Peter Jackson is best known for his award-winning cinematic interpretation of J. R. R. Tolkien's The Lord of the Rings trilogy and his subsequent attempt at adapting The Hobbit into a further three movies. More recently, Jackson wrote and produced Mortal Engines and directed They Shall Not Grow Old, a World War I documentary that colorized genuine film footage from the period and added voice performances from contemporary actors.
It has now been confirmed by the official Beatles Twitter account that Jackson will direct a feature length documentary about the recording and release of Let It Be. Jackson's film will utilize footage of the Let It Be recording sessions that was originally shot for the 1970 documentary but never used.

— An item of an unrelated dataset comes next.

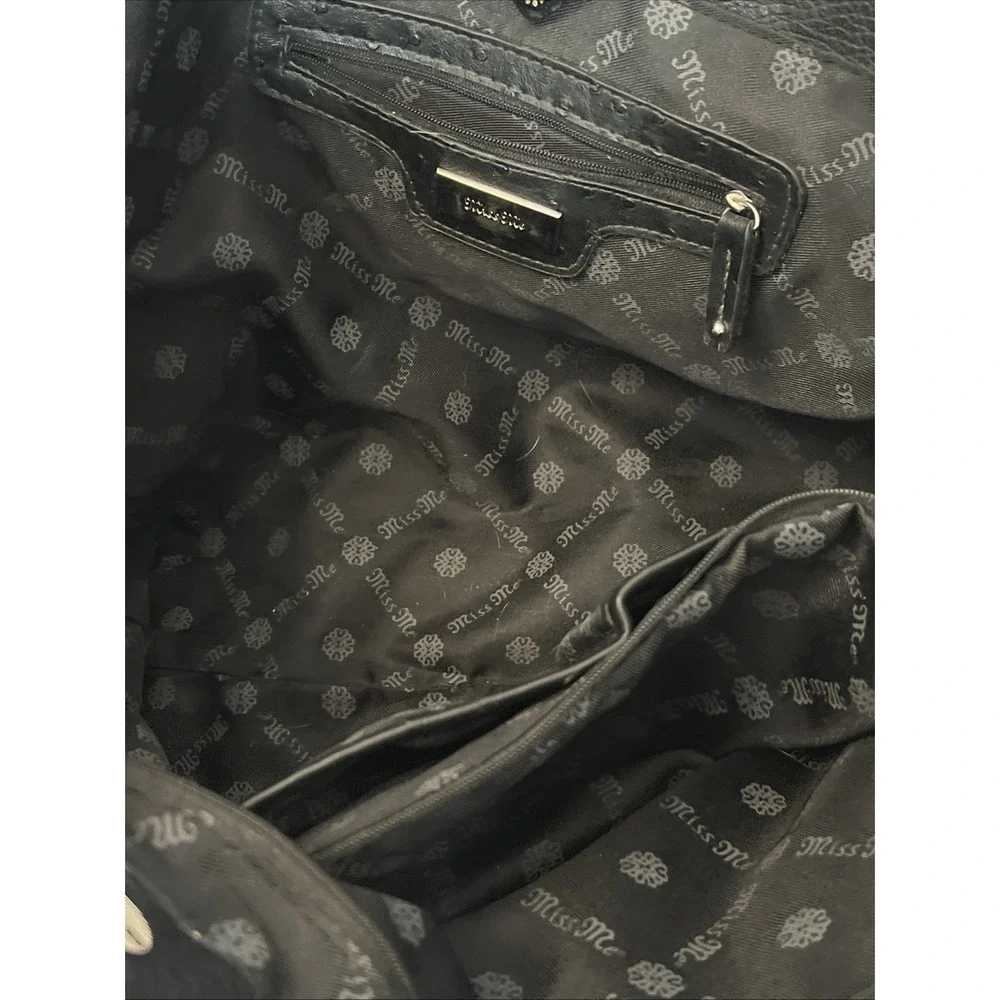 MISS ME Bling Faux Leather Messenger Computer Bag 20 X 12.5 X 5.5 Embellished‎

NEW FILM PROJECT - We are proud to announce an exciting new collaboration between The Beatles and the acclaimed Academy Award winning director Sir Peter Jackson. pic.twitter.com/7e0h95FOWV— The Beatles (@thebeatles) January 30, 2019
Naturally, this announcement will be music to ears of the many Beatles fans across the world and will provide insight into one of the most interesting periods of the band's history. Attracting Peter Jackson to the project is also a huge coup for the film and his recent experience in modernizing old footage with They Shall Not Grow Old makes him an ideal choice for this project. Logically speaking, Jackson should have a slightly easier time working with footage from the '60s than with WWI-era film and this will likely result in gloriously defined and vividly colored shots of the band, the likes of which Beatles fans have never previously seen.

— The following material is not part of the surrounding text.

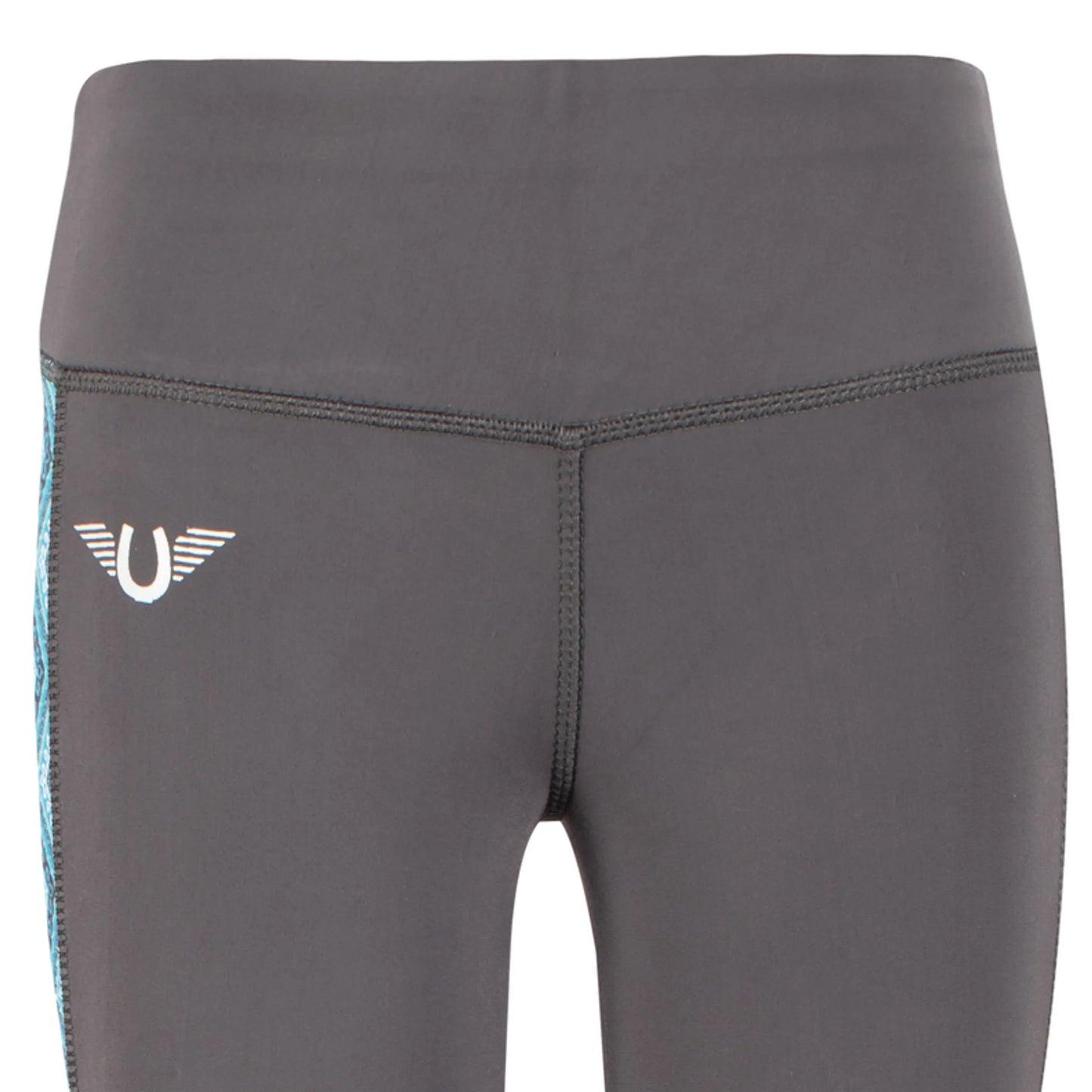 TuffRider Children's Artemis EquiCool Riding Tights in gray with blue side detailing for equestrian activities.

However, any fans expecting Jackson's documentary to delve into the tension that ultimately led to the breakup of The Beatles should temper their expectations. This topic was somewhat explored in the original 1970 film about the making of Let It Be but surviving band members McCartney and Starr have shown little interest in revisiting the ill will of that period. Instead, Peter Jackson's movie looks set to focus more on the music and friendship that the band had in common than the external issues that were dividing them at the time.
Peter Jackson's Beatles documentary is currently without a release date. More news as it arrives.